Hi,
There are at least 4 methods to try to estimate amount of detergent in a membrane protein crystal which may lead to a more accurate estimation of asu content, etc. At the minimum, this may serve academic curiosity. At the best, if one obtains membrane protein crystals that do not diffract well, any estimates gleaned from this can be used in attempts to improve crystal quality.
These 4 methods are more useful for membrane protein solutions, but if one has sufficiently large crystals, they may be dissolved in buffer and subject to the same experiments.

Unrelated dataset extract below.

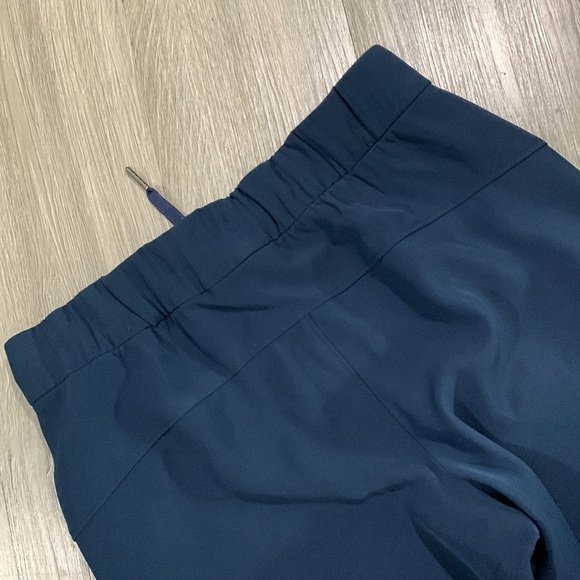 Lululemon License to Train High-Rise Pant Navy Blue     size 4 Joggers - Picture 13 of 13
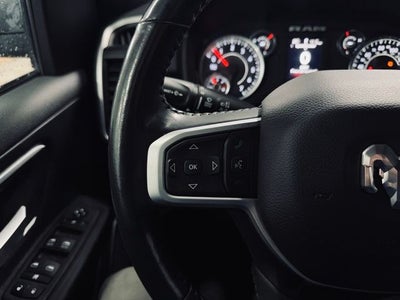 2023 RAM 1500 Big Horn Crew Cab 4x4 5'7' Box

The techniques are TLC, ANS dye method, DLS (as Savvas mentioned) and FTIR (Fourier Transform Infra Red spec). All of them would require first obtaining a standard curve by first measuring values for buffer solutions with known amounts of detergent, say from 1x to 100x CMC. I have tried all 4 of these methods with several different detergents at different concentration and I think the FTIR comes closest to an accurate measurement. In my experience, DLS readings are difficult when working at or near CMC levels due to aggregation problems.
However, none of the results were totally satisfying, probably due to the complexities of the system (as others have mentioned) which include presence of not only empty micelles along with protein-detergent complex but possibly also lipid-detergent complex and maybe also impurity protein-detergent complexes. Our case was also complicated by the fact that the protein under investigation was a highly elongated molecule and thus DLS estimates of hydrodynamic radius may not have been accurate.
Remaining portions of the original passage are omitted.